MD simulations show that K+ has stronger affinity to water vs acetate while the reverse is true for Zn2+. Even in dilute conditions (n = 50), simulations suggest Zn2+ is already partially coordinated by acetate while K+ is fully coordinated by water (Fig. 2(c)). Starting from intermediate concentrations (n = 10), Zn2+ becomes mainly coordinated by acetate while K+ remains coordinated mostly by water molecules (Fig. 2(c) and Fig. S4, ESI). Upon further increase in concentration (n ≤ 5) the electrolyte enters the WIS regime and K+ starts to be partially coordinated by acetate (Fig. 2(c)). Changes in electrolyte structure at the nanoscale are reflected in the X-ray scattering data S(q). As concentration increases, a progressive increase in the intensity of the low-q peak (0.3 Å−1 < q < 1.5 Å−1), as well as its shift towards larger q values, is observed (Fig. 2(d)).43 This peak can be attributed to the nanoscale compositional segregation.34 It is important to note that experimental and MD-calculated structure factors, S(q), are in good agreement with each other (Fig. S5–S7, ESI), indicating sufficient accuracy of the MD predictions.

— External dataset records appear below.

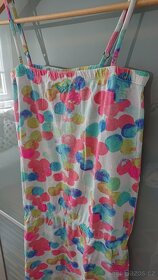 Letní šaty ROXY vel. XS - 2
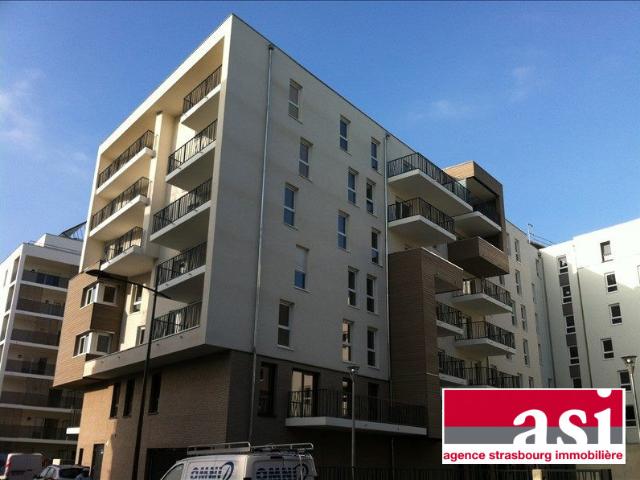 Appartement location à Strasbourg, Hoenheim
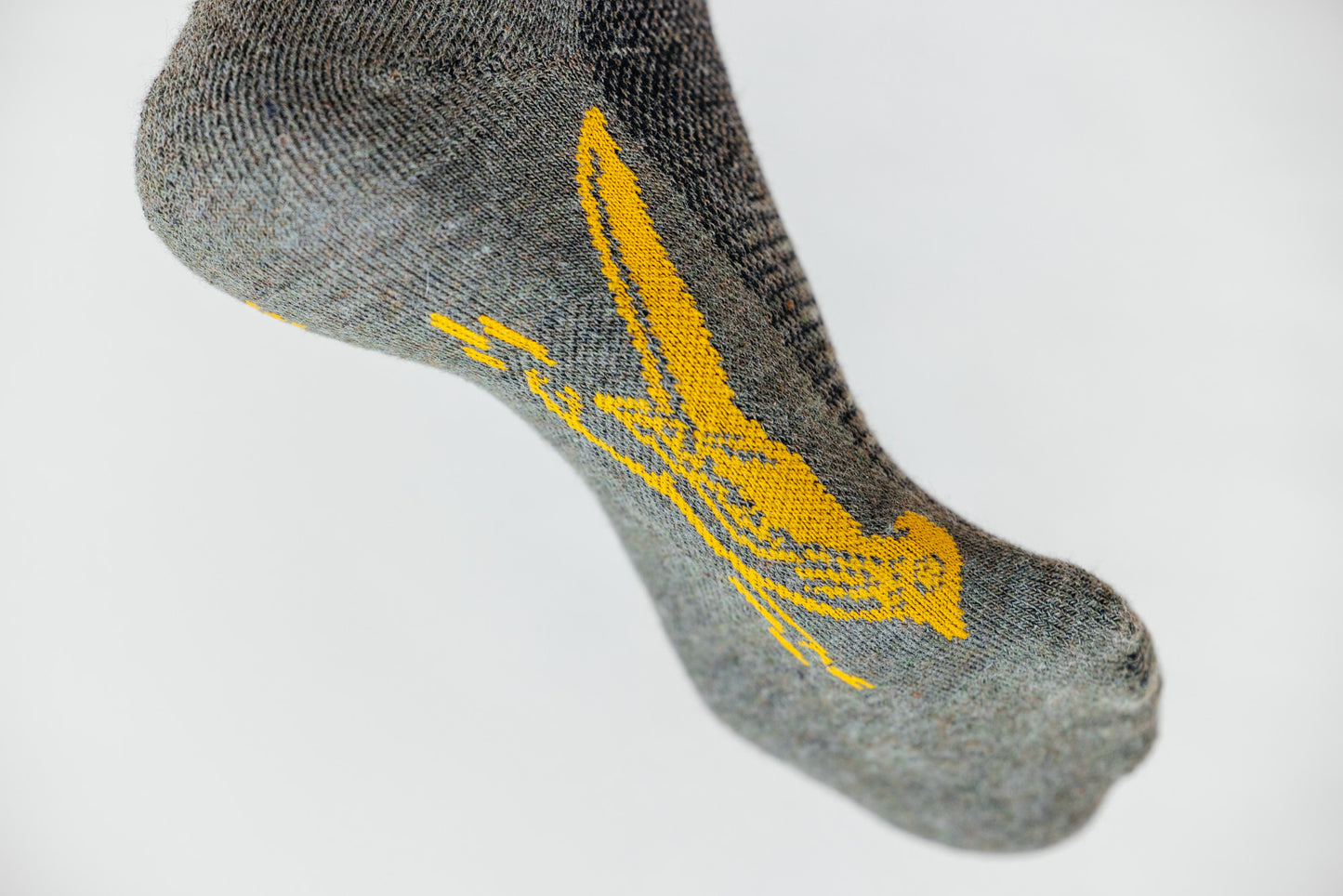 Socks - Cactavist - Juniper Heather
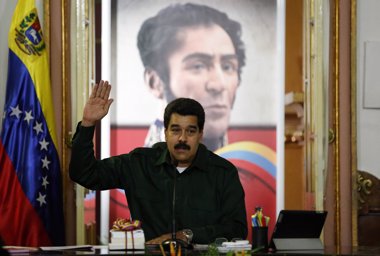 Foto: Maduro acusa a la oposición de "abandonar sus responsabilidades" (REUTERS)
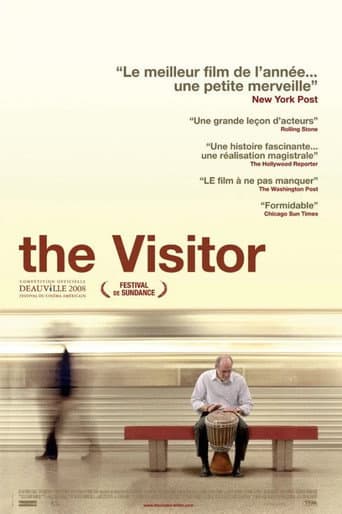The Visitor poster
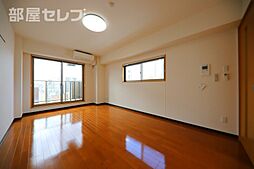 La Douceur伏見 10階1DKのリビング/ダイニング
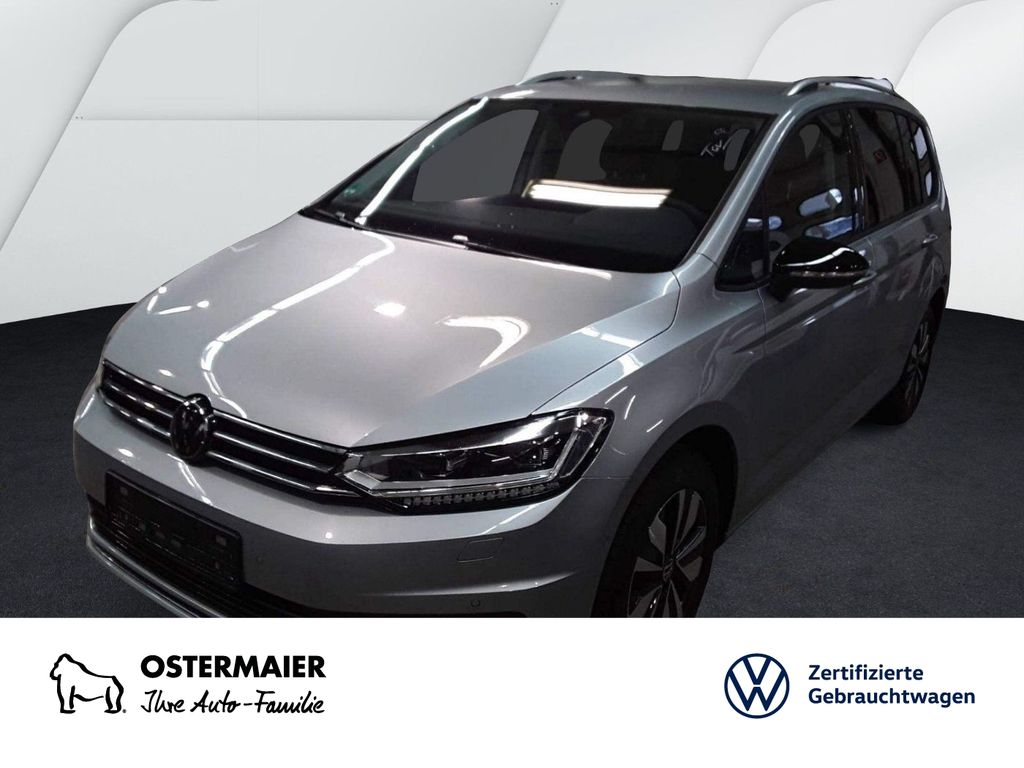 Volkswagen Touran GOAL 2.0TDI 150PS DSG ACC.7-S.AHK.NAVI+VC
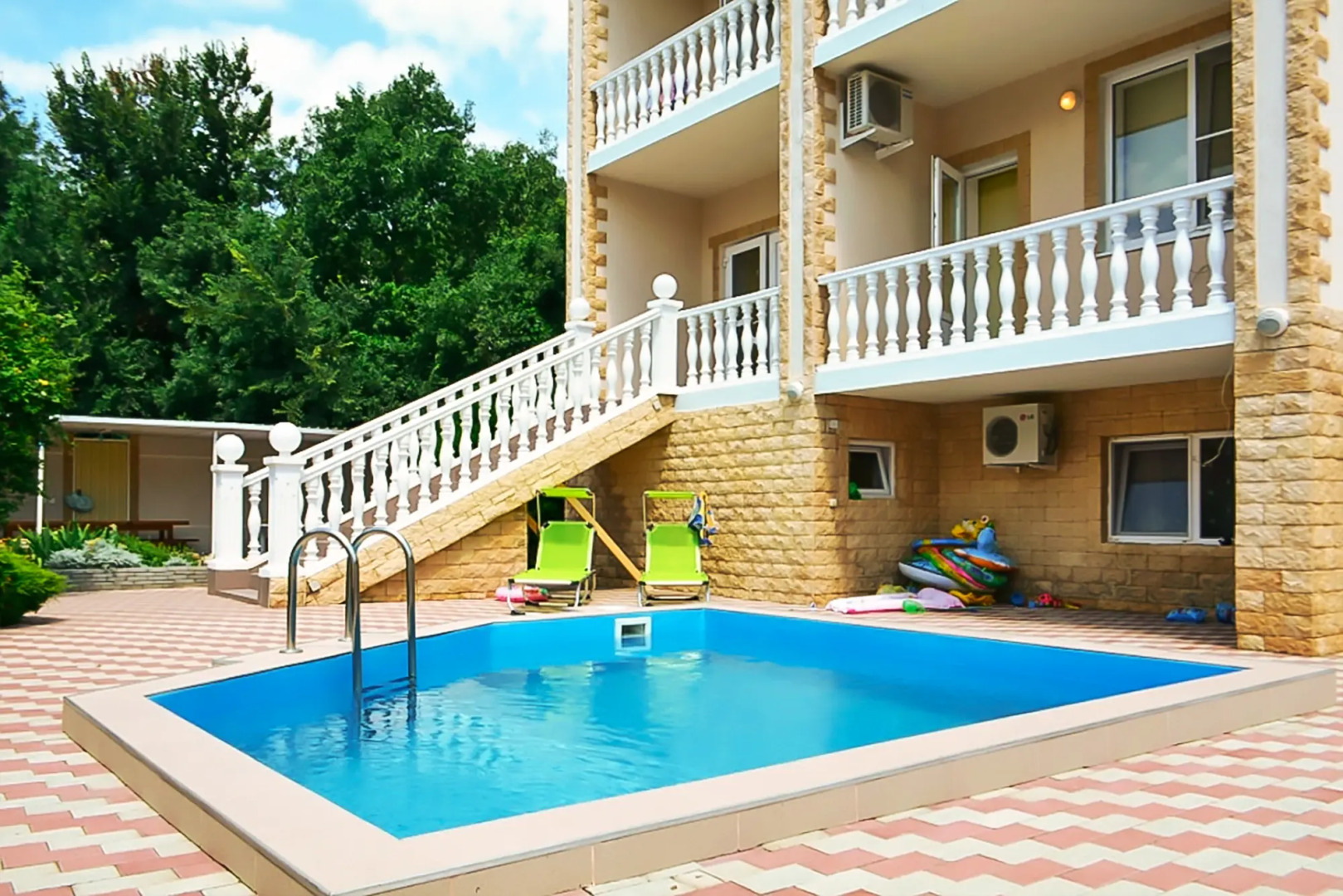 Гостевой Дом Тонкий Мыс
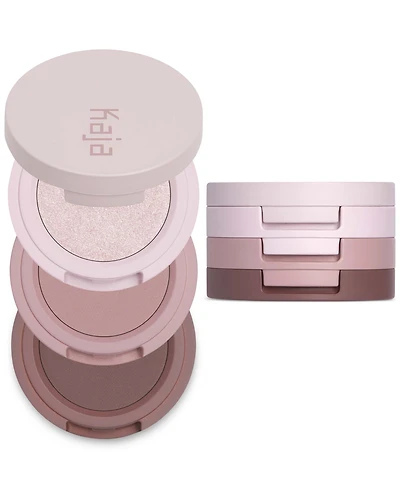 Kaja Eye Bento Bouncy Eyeshadow Trio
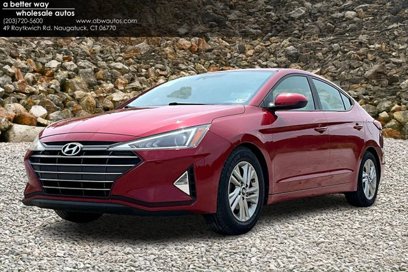 Used 2019 Hyundai Elantra SEL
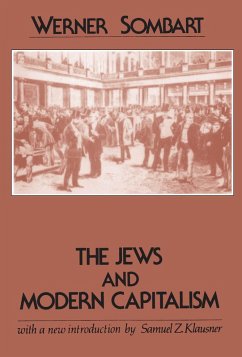 Cover The Jews and Modern Capitalism (eBook, PDF)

We also observe that the increase in concentration results in a disruption of the hydrogen bonding network and decreases the prevalence of “free” water.17O NMR shows increased interaction of the water molecules with cations in WIS regime (n = 2) as can be seen from the peak shift by 4 ppm compared to pure water (Fig. 2(e)).33 Moreover, MD simulations indicate formation of the water-rich and water-deficient domain at n < 10 (Fig. 2(f) and Fig. S8a–c, ESI).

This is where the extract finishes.